Teachers, administrators, classified employees, school board members, students, parents and elected officials gathered Wednesday, April 3, on the steps of the state Capitol to rally for one thing: full and fair funding for education.
Wearing red and hoisting signs that read “Our Students Deserve More,” the East Bay Coalition for Public Education descended on Sacramento to demand that California invest more in its students and its future.
“We’re tired of fighting for crumbs,” said Dan Bellino, chief of staff, Alameda County Office of Education. “This is not a teacher thing, a superintendent thing or a classified thing — all of us are saying we’ve got to fund our schools.”
While some politicians like to position the state as a leader, California sits in the bottom 10 when it comes to school funding and staffing.
“A lot of people in this building behind me like to say that the budget is a reflection of our values,” Assemblymember Al Muratsuchi told the crowd on the south steps of the Capitol. “I believe that there’s nothing more important, there’s no greater priority than investing in our children and investing in our schools.”
Muratsuchi has authored Assembly Bill 39, which is supported by ACSA, that would increase LCFF target base grant amounts starting in the 2020-21 school year. The new funding targets would put California in the top 10 in per-pupil spending and make our state’s education system a home for equity and innovation.
Other speakers — including superintendents and ACSA leaders — described the effect inadequate funding is having on their schools: teachers that can’t afford to live in the districts where they teach; nutrition employees working two or three jobs to make ends meet; lack of individualized attention in the classroom; and failing buildings and outdated technology.
The East Bay Coalition for Public Education is a group of educators, parents and students representing all 21 school districts in Alameda County, which serves more than 225,000 students.

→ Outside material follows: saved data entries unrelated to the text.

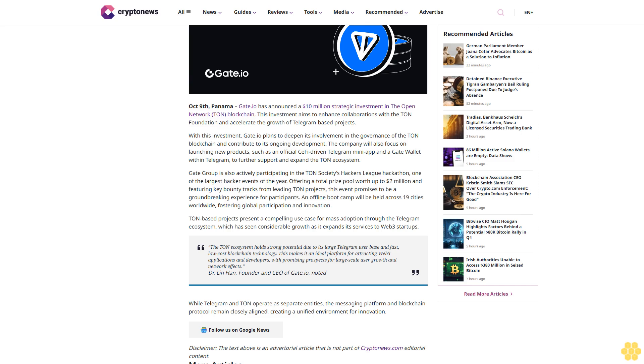With this investment, Gate.io plans to deepen its involvement in the governance of the TON blockchain and contribute to its ongoing development. The company will also focus on launching new products such as an official DeFi-driven Telegram mini-app and a Gate wallet within Telegram to further support and expand the TON ecosystem.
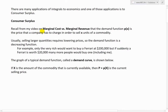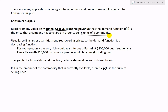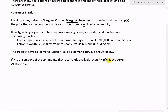Recall from my earlier video on marginal costs versus marginal revenue that the demand function P of X is the price that a company has to charge in order to sell X units of a commodity such as computers, etc. Usually, when you sell larger quantities, it requires lowering the prices. So if you want to sell a million TVs, you'll obviously want them really cheap. A demand function is a decreasing function.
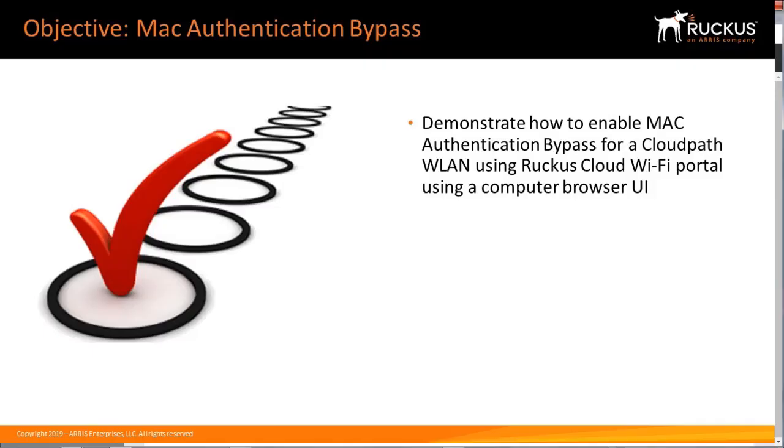In this video I'll demonstrate how to enable Mac Authentication Bypass for a CloudPath wireless LAN using the Ruckus Cloud Wi-Fi portal using a computer browser user interface.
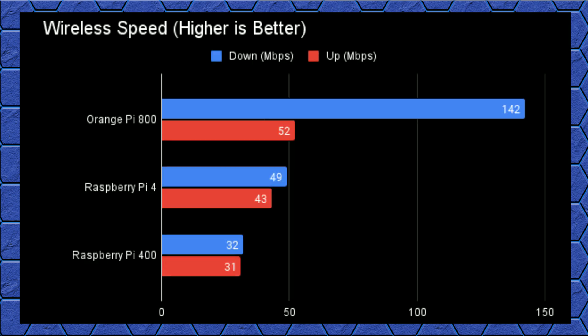One place the 800 did consistently outperform the competition was in wireless transmission rates. Download rates were at least three times higher, and upload rates between the 800 and the 4 were pretty close to the maximum upload speed I'd expect to get with my ISP.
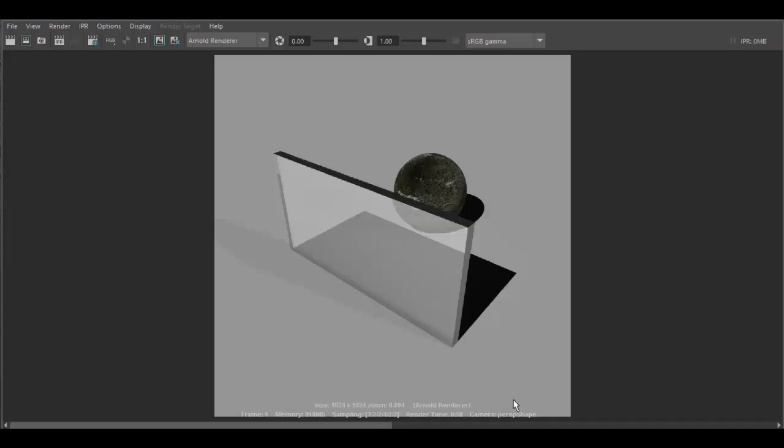So that's the basic overview of how to create a glass material in Autodesk Maya. I hope you enjoy this tutorial. Until next time. Cheers.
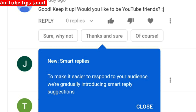Now you will see a comment that says: 'Good, keep it up. Would you like to be YouTube friends?' We will look at who made this comment and then show you the reply we are doing for it.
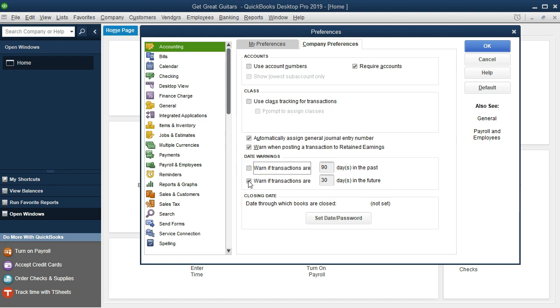That's what we will have for the accounting preferences. For more accounting information and accounting courses, visit our website at accountinginstruction.info.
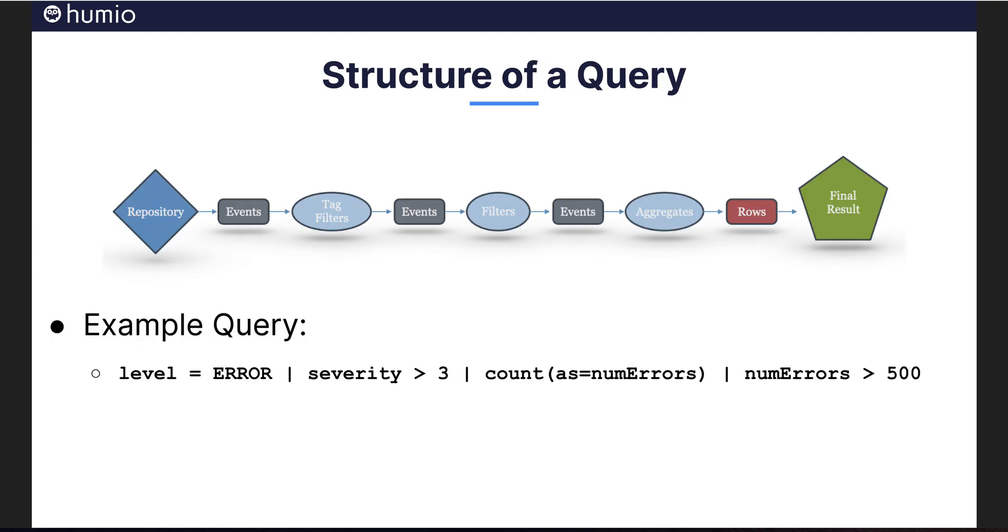Here is an example of a query where we are looking for errors with a given severity, or higher. We then do a count of those errors and check if it is an unusually high amount.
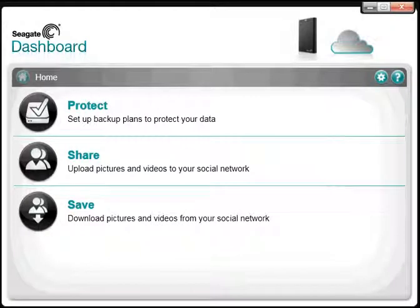This tutorial will show you the steps required to create a continuously running Protect Now Backup plan using the Seagate Dashboard software.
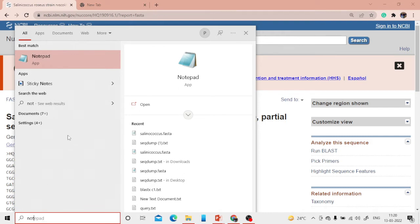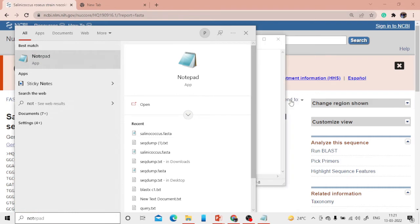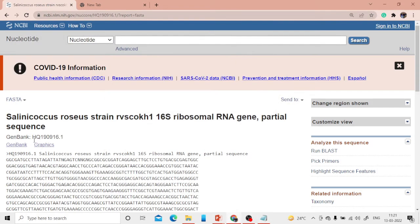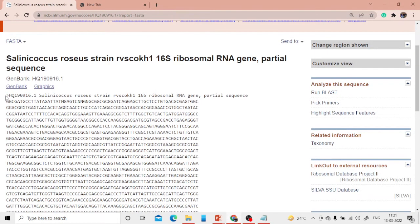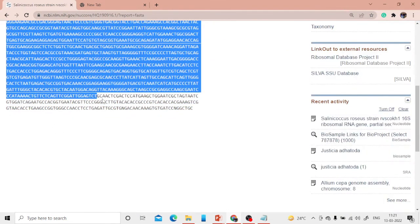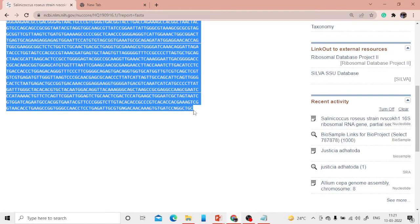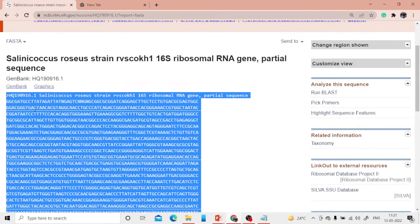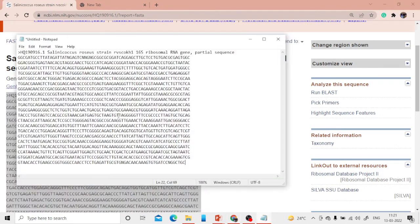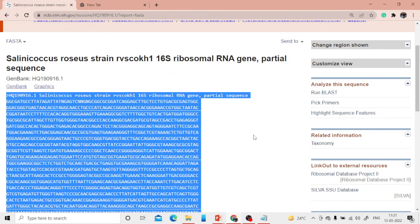While copying the FASTA file, make sure it starts with the greater-than sign. Students often miss this sign and face difficulty. You can see the entire FASTA format has been copied and pasted. Now, since we need homologous sequences, we'll run BLAST from the entire database.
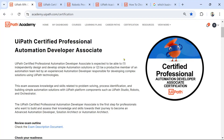If you are preparing for the UiPath Associate exam, you need to prepare in an organized way. I am going to suggest a few techniques and also show you certain things which will be very helpful.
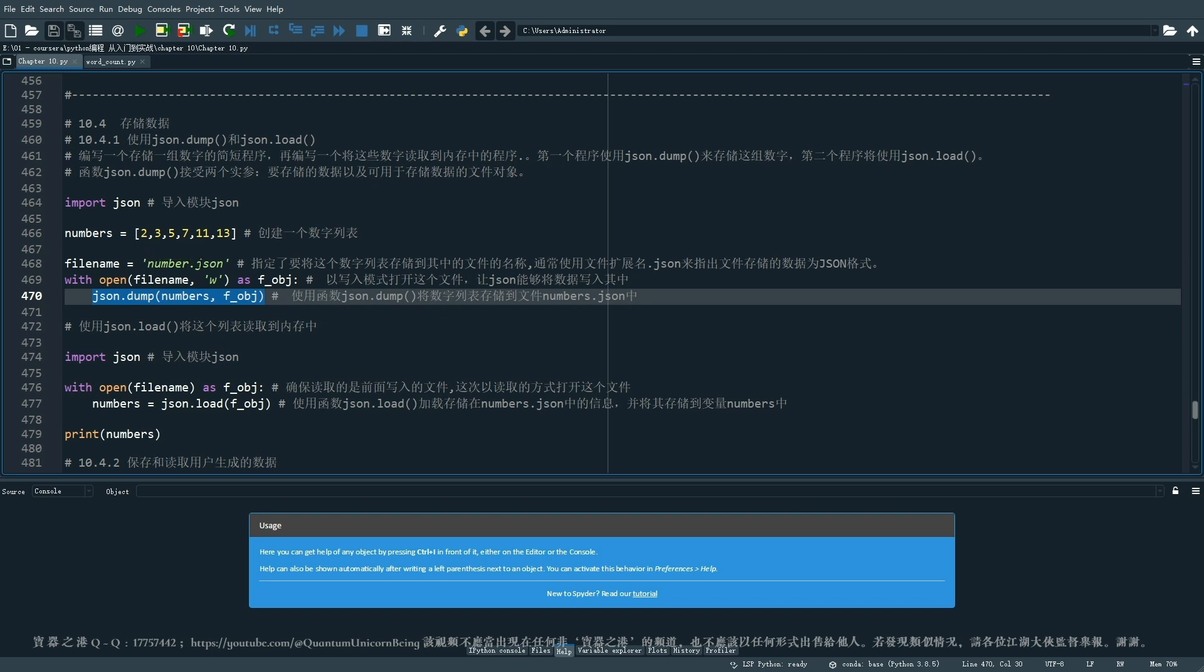我们在这里就先导入这个import json,导入这个模块,我们在这里创建一个数字列表。然后在这里我们就指定了要将这个数字列表存储到那个文件的名称,这个文件的名称就是这个numbers.json。然后通过这个我们也是把这个文件扩展名给它限定了之后呢,它就是一个JSON格式的文件存储的一个数据格式。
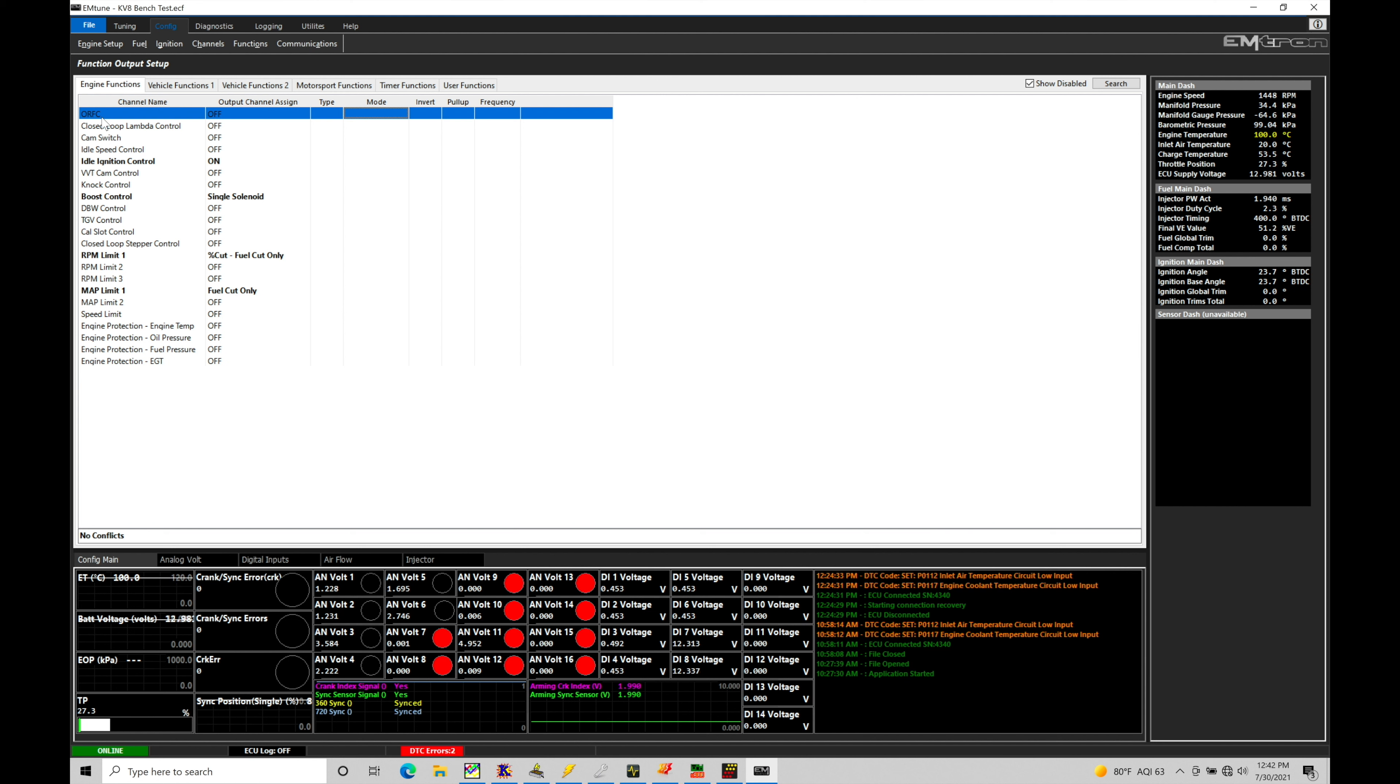What this is saying is in overrun conditions, lift throttle conditions, we want to turn off the fuel injector. Now turning off the fuel injector is going to stop combustion. Well fine, because we're off the throttle combustion will stop, but the engine will keep spinning because of the momentum of the actual engine itself.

Coalition member and ACSA Board Member Parvin Ahmadi, superintendent of Castro Valley USD, said her work with ACSA has been instrumental in helping the coalition reach state policymakers.
“For me, it’s about making those connections,” she said. “Not only is it good for the whole movement but it’s also really important for all the different groups to see the benefit of ACSA and all of us coming together.”
Kim Wallace, ACSA member and superintendent with the Fremont USD, said for her district the major funding issues are pension contributions, which have eaten into the district’s general fund, and providing adequate special education funding, which only covers a third of the district’s costs.
“We need to work together to approach the state and reduce deficit spending. We need to unite to send the message that full and fair funding is what’s required,” she said.
Dozens of students took the day off from class to advocate at the Capitol. Castro Valley High School students Audrey Fung and Genevieve Hodge attended the rally, holding signs that read, “Textbooks don’t grow on trees” and “Where did you learn how to defund education?” The students said parents at their school are regularly asked to donate basic supplies like tissue.
“Education is important for everyone in order to advance,” said Audrey, when asked why she supports fair school funding.